Auman buldoser-buldoser yang siap melumat habis setiap hutan. Nyaris tiada tersisa setitikpun yang telah dilumat oleh buldoser.
Dengan jahat dan ganasnya yang tanpa kenal ampun membabat habis seluruh hutan. Congkak dan tamaknya manusia yang hanya mengejar keuntungan demi memperkaya diri dan membuncitkan perutnya tapi rela menggadaikan sang hutan demi mengeruk sumber daya alam.
Sementara para cukong-cukong bertepuk tangan riang gembira saat menyaksikan seluruh hutan sirna seketika tanpa ada sisa sedikitpun yang ada.
Berpesta ria dengan para birokrat yang telah disumpal dengan segepok uang. Yang nyatanya sumber daya alam hanya dinikmati oleh segelintir kelompok saja.
Tidak ada bukti bahwa kekayaan sumber daya alam dinikmati oleh seluruh rakyat. Hanyalah jargon semu penarik simpati rakyat demi mendulang suara.
Rakyat hanyalah mendapatkan sampah dari segala kekayaan sumber daya alam yang telah dikeruk oleh golongan kapitalis biadab penghisap kekayaan alam. Rakyat nyaris tiada hasil kekayaan sumber daya alam setitikpun.
Kesengsaraan tinggalah kesengsaraan yang merundung rakyat saat sebuah ironi kekayaan alam melimpah namun masih banyak rakyat yang terjerat dalam hidup kemelaratan.
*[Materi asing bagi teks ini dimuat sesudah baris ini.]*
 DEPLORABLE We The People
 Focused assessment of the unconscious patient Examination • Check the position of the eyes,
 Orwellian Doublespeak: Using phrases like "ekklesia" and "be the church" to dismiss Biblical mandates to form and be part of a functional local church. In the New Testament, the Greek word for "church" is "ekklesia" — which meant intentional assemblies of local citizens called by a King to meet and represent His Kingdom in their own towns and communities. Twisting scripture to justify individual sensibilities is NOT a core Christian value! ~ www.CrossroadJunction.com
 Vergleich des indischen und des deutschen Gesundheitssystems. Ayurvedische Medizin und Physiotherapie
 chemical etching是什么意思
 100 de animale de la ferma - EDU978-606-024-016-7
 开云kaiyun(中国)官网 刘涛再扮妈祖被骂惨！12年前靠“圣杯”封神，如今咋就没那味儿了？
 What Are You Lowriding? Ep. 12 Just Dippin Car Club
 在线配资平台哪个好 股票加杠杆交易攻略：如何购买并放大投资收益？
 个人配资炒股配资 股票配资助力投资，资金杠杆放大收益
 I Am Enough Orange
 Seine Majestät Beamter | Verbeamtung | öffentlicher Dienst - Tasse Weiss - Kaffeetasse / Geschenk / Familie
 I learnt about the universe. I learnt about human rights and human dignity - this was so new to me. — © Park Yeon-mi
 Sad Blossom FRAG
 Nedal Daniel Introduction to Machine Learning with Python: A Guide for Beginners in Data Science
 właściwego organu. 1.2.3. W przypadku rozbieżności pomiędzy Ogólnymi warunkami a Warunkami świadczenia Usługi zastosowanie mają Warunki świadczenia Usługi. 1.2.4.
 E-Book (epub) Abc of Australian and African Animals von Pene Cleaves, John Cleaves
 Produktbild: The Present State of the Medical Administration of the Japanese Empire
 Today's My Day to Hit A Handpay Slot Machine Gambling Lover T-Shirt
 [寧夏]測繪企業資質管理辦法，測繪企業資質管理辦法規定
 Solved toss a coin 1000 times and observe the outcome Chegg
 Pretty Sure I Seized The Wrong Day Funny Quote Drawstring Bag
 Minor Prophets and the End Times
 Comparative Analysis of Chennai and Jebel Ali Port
Rakyat hanyalah menerima murka alam akibat ulah tamaknya segelintir cukong yang telah mengusik kehidupan hutan berupa bencana dahsyat tanah longsor dan banjir.
Hukuman alam telah memberikan pelajaran akan perilaku pongah atas rusaknya hutan. Serangan banjir dan tanah longsor yang dahsyat melumat habis rumah-rumah nyaris tanpa tersisa.
Tangisan terdengar kala bencana dahsyat menghantam kehidupan mereka. Akibat kesewenang-wenangan cukong yang mengusik kelestarian hutan. Sungguh tiada guna lagi menjerit dan menyesal.
Yang ada hanyalah tinggal merasakan karma angkara murka alam yang sudah membabi buta menyerang kehidupan manusia.